After heavy testing and resolving a few issues under heavy load,
cpumap-pping <https://github.com/thebracket/cpumap-pping> has tagged
release 1.0.0 RC1. It should be ready for the v1.3 release of LibreQoS.
What does it do?

cpumap-pping merges two projects:

   -

   xdp-cpumap-tc <https://github.com/xdp-project/xdp-cpumap-tc> provides
   some of the heavy lifting behind LibreQoS. It maps IP addresses to Linux
   tc classifiers/qdiscs. I recently added IPv6 and IPv4 subnet (e.g. match
   on 192.168.0.0/24), which is included in cpumap-pping. By mapping
   directly to filters, the cpumap is able to shift traffic shaping
   processing to individual CPUs - bypassing the performance limits of the
   default Linux traffic shaper. Because BPF programs run in kernel space (in
   a sandbox), it is able to sustain very high performance.
   -

   xdp-pping <https://github.com/xdp-project/bpf-examples/tree/master/pping>
   is an in-kernel BPF version of the excellent Polere Pping
   <https://github.com/pollere/pping> by Kathie Nichols. Previous versions
   of LibreQoS ran the original pping to gather TCP round-trip time data,
   providing accurate Quality of Experience (QoE) metric to help optimize your
   ISP and monitor the benefits of the Cake shaper. pping is a great tool,
   but tended to consume too much CPU time (on a single core) under heavy
   load. xdp-pping could sustain very high loads, and still provide
   accurate RTT information.

Combining the two to run separately was troublesome, and duplicated a lot
of work: both programs would individually parse Ethernet headers (cpumap
also parses VLAN headers, pping did not), TCP headers, extract addresses,
etc. For LibreQoS, it just made sense to combine them.

cpumap-pping is a drop-in replacement (fully compatible) for xdp-cpumap-tc
in LibreQoS. Once in place, instead of running pping and reading the
results, you periodically run xdp_pping and retrieve the current snapshot
of performance data - ready classified to match the queues that LibreQoS is
already setting up. The results are handed out in a convenient JSON format:

[
{"tc":"3:54", "avg": 35.39, "min": 15.95, "max": 60.03, "median":
33.67, "samples": 58},
]

Only a subset of TCP data is sampled. Rather than process every packet, the
first 58 "ack" sequences are timed for each tc handle.

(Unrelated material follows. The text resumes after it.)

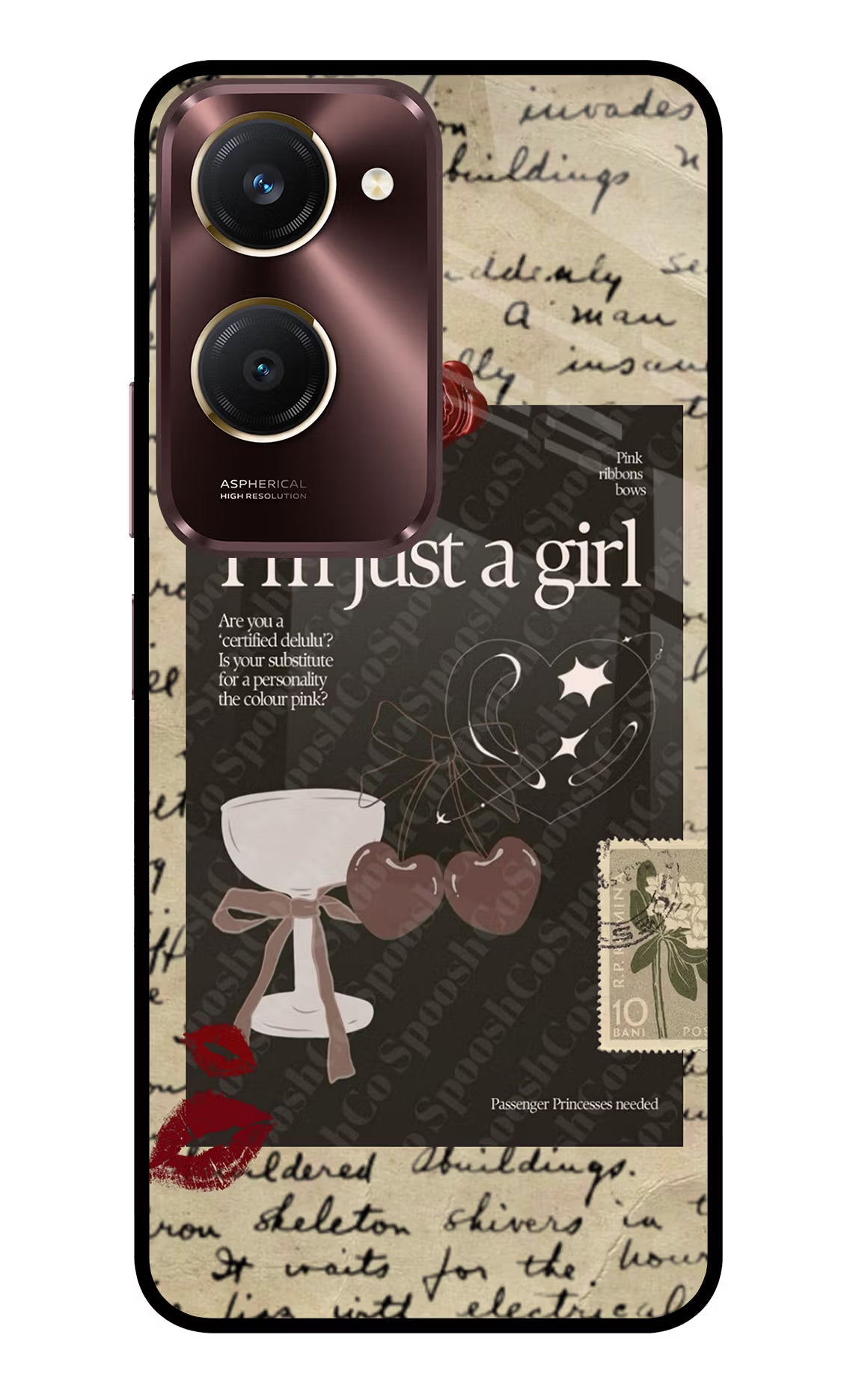 I am just a girl Vivo Y28s 5G Glass Case Back Cover by Casekaro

This has two
advantages:

   - It greatly lowers system resource usage (once the sample buffer is
   full the sampler doesn't do *any* additional work).
   - It ensures fairness in sampling; otherwise, there's a tendency to
   over-sample busy queues and possibly miss relatively quiet ones.

Performance

   - Testing in Hyper-V (4 VMs, one shaper, one iperf server, two iperf
   clients) shows that individual flow throughput maxes out around 4.2 gbit/s
   per-core, with full Cake shaping. Without the pping component,
   performance is around 4.21 gbit/s per-core. In other words, it's very fast.
   - Testing in the real-world shows that on an under-powered 10 CPU VM (in
   Proxmox, on an older server) never exceeds 40% CPU usage on a single core
   while shaping approximately 1.8 gbit/s of traffic. This is with
   approximately 1,200 IP address entries in the cpu map, and 600 queues.
   - Profiling shows that the BPF programs (one on XDP ingress, one on TC
   egress) consume a maximum of 4,000 nanoseconds in the current release.
   That's adding a ceiling of 0.004 ms to customer ping times.

Robert has been working hard on connecting this to the graphing system. You
can see some great examples of progress in this - now closed - issue
<https://github.com/thebracket/cpumap-pping/issues/2>. For example:
[image: image.png]